Al Jazeera Kiswahili and Pawa254 are organizing wonderful and much needed Sauti project, aiming to promote citizen journalism in East Africa. For three months, that’s how long Sauti will last, citizens will receive basic training, learn how to use Internet, social media and new technologies for covering the news. And of course what being a citizen journalist and reporter means. Important to add is that entire project is on a voluntary basis. More about this truly valuable project you will find in the following text.
We offer you our interview with David Mutua, Community Manager at Pawa254 :
Q: Present us the Sauti Project.
A: Sauti project is a programme by Al Jazeera Kiswahili and Pawa254 to train and empower citizen journalists in the region with an aim of encouraging them to tell the stories of their community that are important to them but may have been sidelined by the mainstream media.
Q: Tell us more about the name – Sauti, what is the meaning.
A: Sauti is a Swahili word for voice. We hope that the name will be an inspirational point for the journalists to enable them have a voice and tell their story.
Q: What is your goal?
A: The goal of the project is to empower the citizen journalists to always be aware and be ready to tell their story.
Q: Who is your partner in Sauti Project?
A: Sauti Project is a collaboration between Al Jazeera Kiswahili and Pawa254
Q: Is this the first citizen journalism project that Pawa254 is organizing?
A: Yes, this is the first citizen journalism training program that Pawa254 is organizing and we are hoping to do many more. Through our masterclasses and master talks, we seek to empower not only journalists but also freelance photographers and videographers to learn more about the industries they are in.
Q: In general, are there numerous citizen journalism workshops throughout Africa?
A: There are a couple citizen journalism projects undertaken by different media houses and information networks.
Q: Considering the increased presence of Internet, mobile phones and digitalization itself, do you manage to improve media and information system in East Africa today?
A: With the increase in modes of disseminating news, this has really worked to the advantage of citizen journalists as they are now able to show case their content to a large audience. The increased internet presence ensures that now citizen journalists can have a platform to show their work raw without mainstream media influences.
Q: Do traditional media accept citizen media in East Africa?
A: Some do but most will not unless it is exclusive content.
Q: How citizens of East Africa react to new media such as social media and Citizen journalism, are they happy to accept them or with caution?
A: Social media is big in East Africa especially in Kenya where many times Kenyans have set worldwide trending topics on Twitter. Social media enables citizen journalists to inform their followers of new stories. Social media also, sometimes, breaks news before it even reaches mainstream media. This has many times served as a point of information for many and as such, citizen journalists have an opportunity to break news with solid facts fast.

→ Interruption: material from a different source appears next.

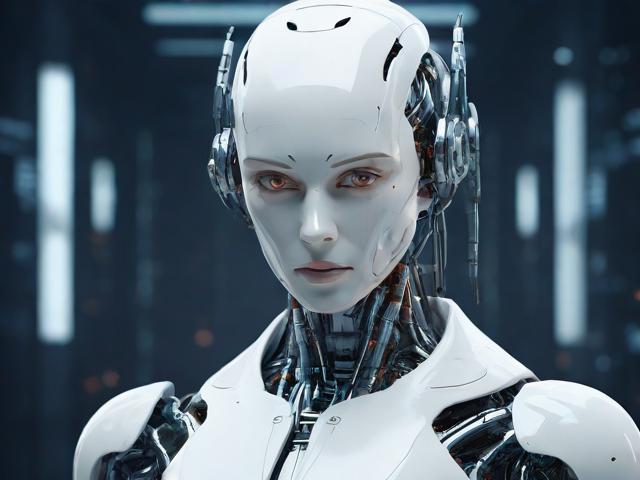 AI人工智能学什么专业好？揭秘未来科技人才的必备技能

Q: Are you satisfied with the results of training?
A: The training is still on going. After the first training we now await for the trained journalists to start submitting stories, from the stories, then we are able to communicate back to them and advice them on ways they can improve on them. This second phase will be more targeted and assist the individual citizen journalist and we hope form this then a new crop of high quality citizen journalist.

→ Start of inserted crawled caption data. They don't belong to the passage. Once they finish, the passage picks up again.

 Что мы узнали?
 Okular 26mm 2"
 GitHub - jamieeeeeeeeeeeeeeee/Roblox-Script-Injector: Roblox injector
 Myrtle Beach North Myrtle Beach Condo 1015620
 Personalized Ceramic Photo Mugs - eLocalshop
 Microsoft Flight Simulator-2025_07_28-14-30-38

Q: Do you plan to spread Sauti Project throughout Africa in the future?
A: Right now its on a pilot phase of three months to see the extent, reach and impact that it will have but plans are there to strengthen and consolidate it in East Africa.
Q: How do you see citizen journalism future in East Africa?
A: Citizen journalism will grow and strengthen in East Africa and become an alternative source of information by the community.